━━ Data for analysis ━━

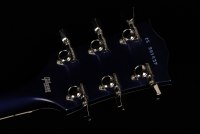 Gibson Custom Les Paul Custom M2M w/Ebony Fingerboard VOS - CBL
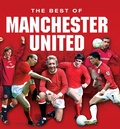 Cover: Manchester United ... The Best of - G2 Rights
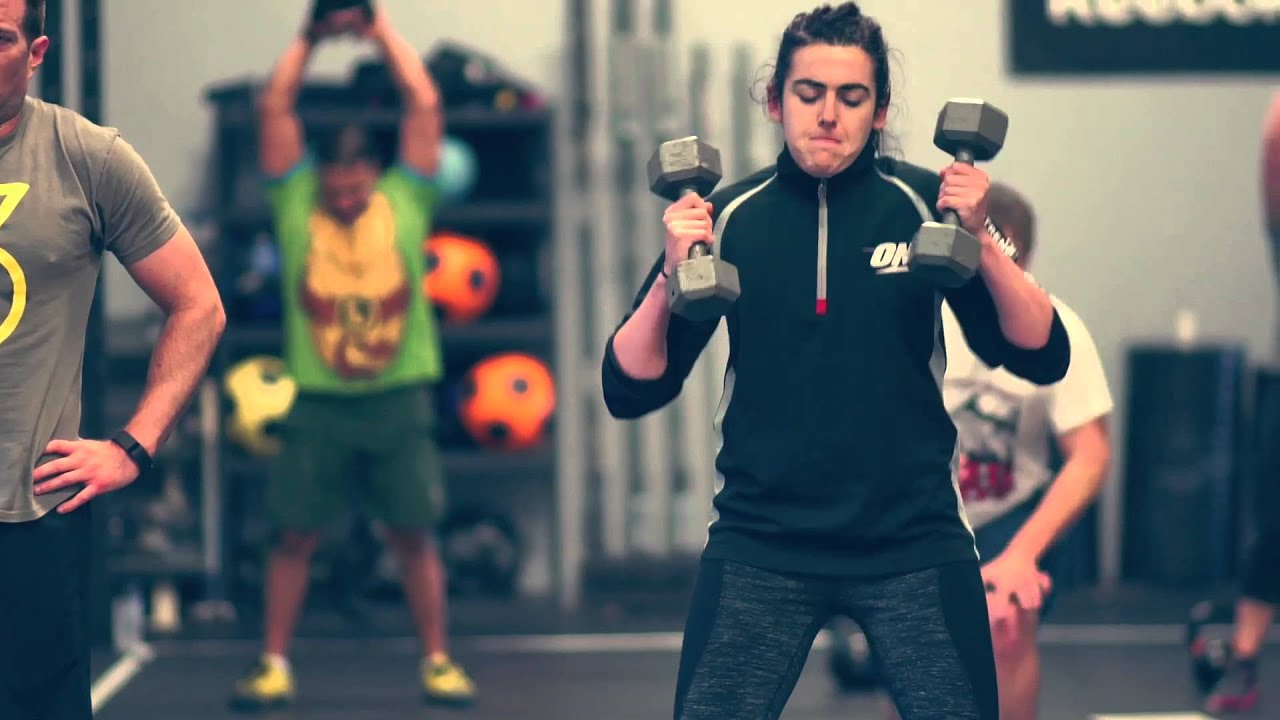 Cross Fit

━━━
━━ Data for analysis ━━

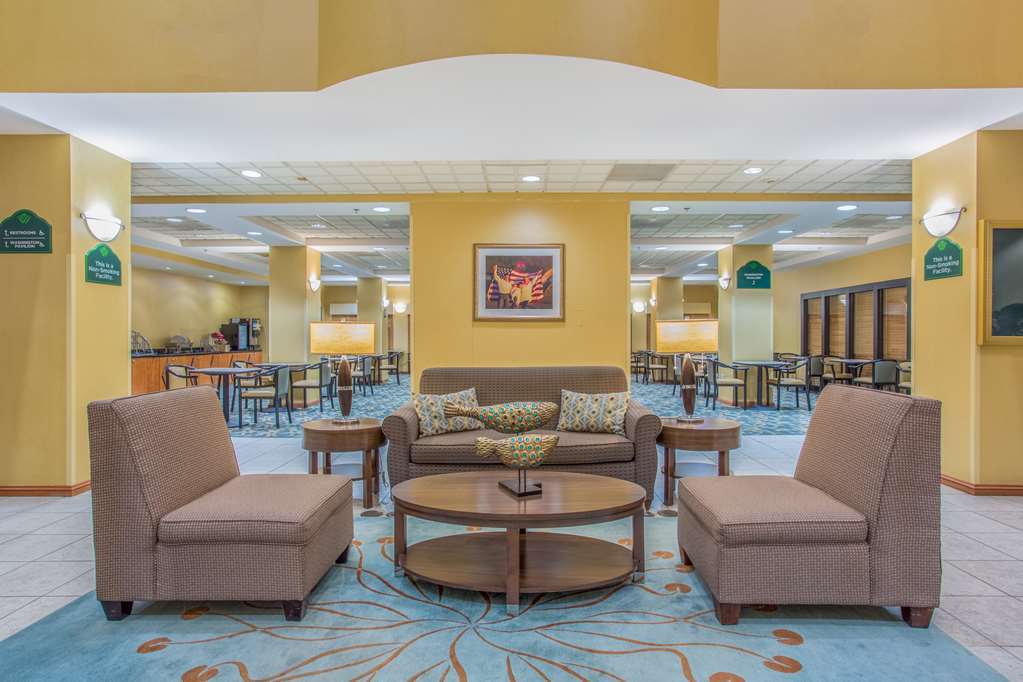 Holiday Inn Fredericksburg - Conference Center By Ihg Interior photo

━━━
━━ Data for analysis ━━

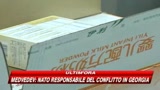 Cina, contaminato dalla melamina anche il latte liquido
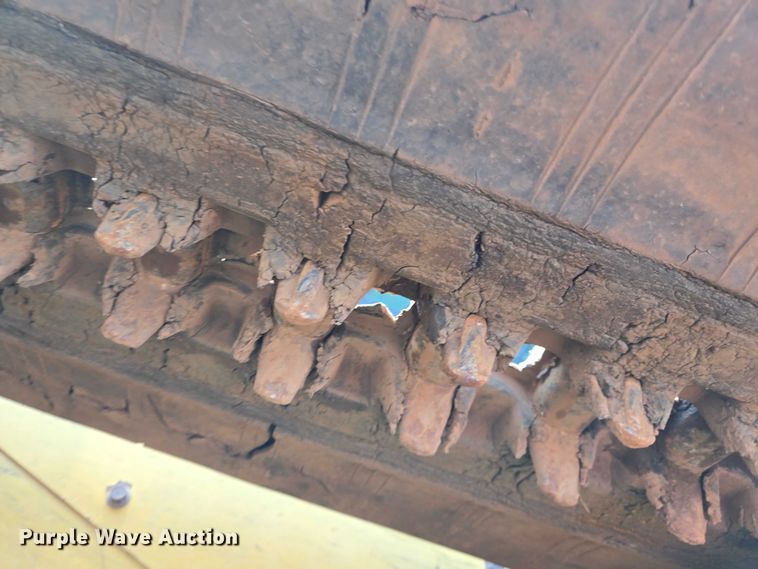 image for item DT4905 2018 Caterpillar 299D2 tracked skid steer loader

━━━

Exercise details
With the pictures left out, write out exactly the lines above from the one containing "Cina, contaminato dalla" through the one containing "image for item".

Result of this exercise
 Cina, contaminato dalla melamina anche il latte liquido
 image for item DT4905 2018 Caterpillar 299D2 tracked skid steer loader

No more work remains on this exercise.